И снова письмо. Сестре Варе. «Идет большая борьба за существование. Работать приходится не просто, а с остервенением, с утра до вечера — и так каждый без перерыва день. На казенной службе платят туго и с опозданием, и поэтому дальше одним таким местом жить нельзя. Я мечусь по Москве исключительно по газетным делам и получаю жалованье 45 миллионов. Это совсем мало. В Москве считают только на сотни тысяч и миллионы. Черный хлеб стоит 4600 руб., белый 14 ООО, к вечеру дорожает. Сегодня купил себе на рынке английские ботинки желтые за 4 с половиной лимона. Страшно спешил, так как через неделю они будут стоить 10.
Сейчас узнал — ботинки не английские, а американские и на картонной подошве. Почему пролетариат уничтожил приличные ботинки? Маркс нигде не утверждал, что на ногах нужно всякую сволочь носить.

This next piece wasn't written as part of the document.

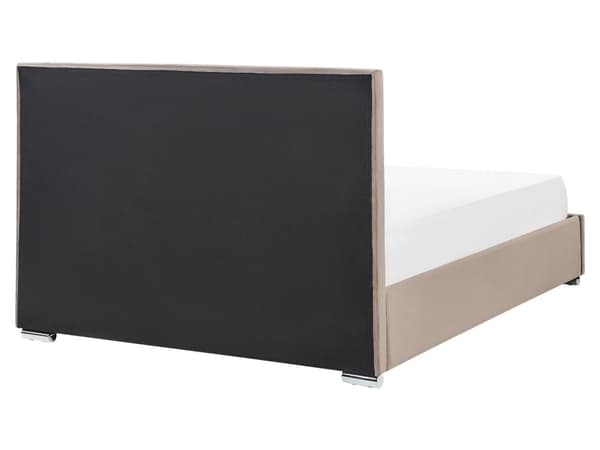 Dubbelsäng med Förvaring Taupe Sammetsklädsel 160 x 200 cm Modern Design Stoppad Sänggavel Ottoman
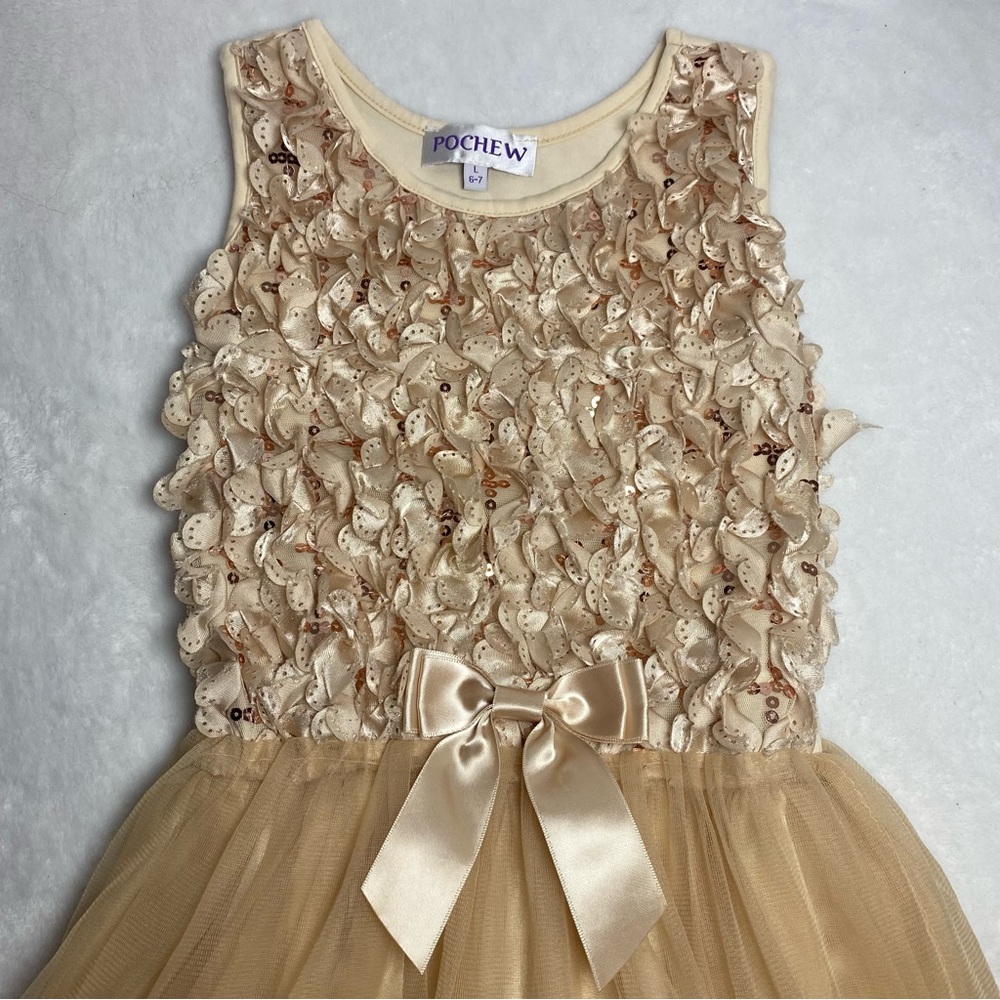 Pochew Elegant Cream Ruffled Dress Size 6/7 - Picture 2 of 12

Самое страшное — квартирный вопрос. Всех уплотняют, делят даже комнаты — идет массовое подселение. Теплая компания нашего жилищного кооператива заседает в комнате налево от ворот. Самогоном и песнями несет оттуда круглосуточно. Грозят нас с Таськой выкинуть. Прочее неописуемо. При всем этом я одержим писанием, в нем чувствую свою силу».
Раздвоенность мучает Булгакова, а может быть, и спасает. В нем как бы уживаются, часто конфликтуя, два человека. Один насквозь продуваемый в своем пальтеце, замученный отвращением к быту: керосинкам, пьянству, клопам, грязным дешевым баням — ко всему пролетарскому, коммунальному, нищенскому бытию. Другой углубленный в себя, умудренный пережитым, стойкий Алеша Турбин — умница, патриот, честная душа, не знающая сомнений и трусости. Или оптимист-фельетонист, шагающий сквозь житейскую бурю с легкой усмешкой, неколебимой верой в свои силы.
Первый — больной, затравленный необходимостью выживать в чужом враждебном мире, озлоблен, боязлив, скуден на добрые слова. Он был известен только Тасе. Второй — великодушный, милосердный, блестящий рассказчик, балагур — обитал в ином пространстве, пространстве дружеского общения и литературного вымысла. Садясь за стол, Михаил как бы возвращался к себе истинному, презирая того первого слабака.
Но оба они умны, язвительны и непоправимо одиноки.
Одиночество — истинное ощущение Булгакова, живущего заботами жены. Всей своей человеческой и писательской сутью он стремился не только к признанию, но и к женской влюбленности. В жертвенной, преданной Тасе ни женщину, ни литературного единомышленника, тридцатилетний Булгаков не видел.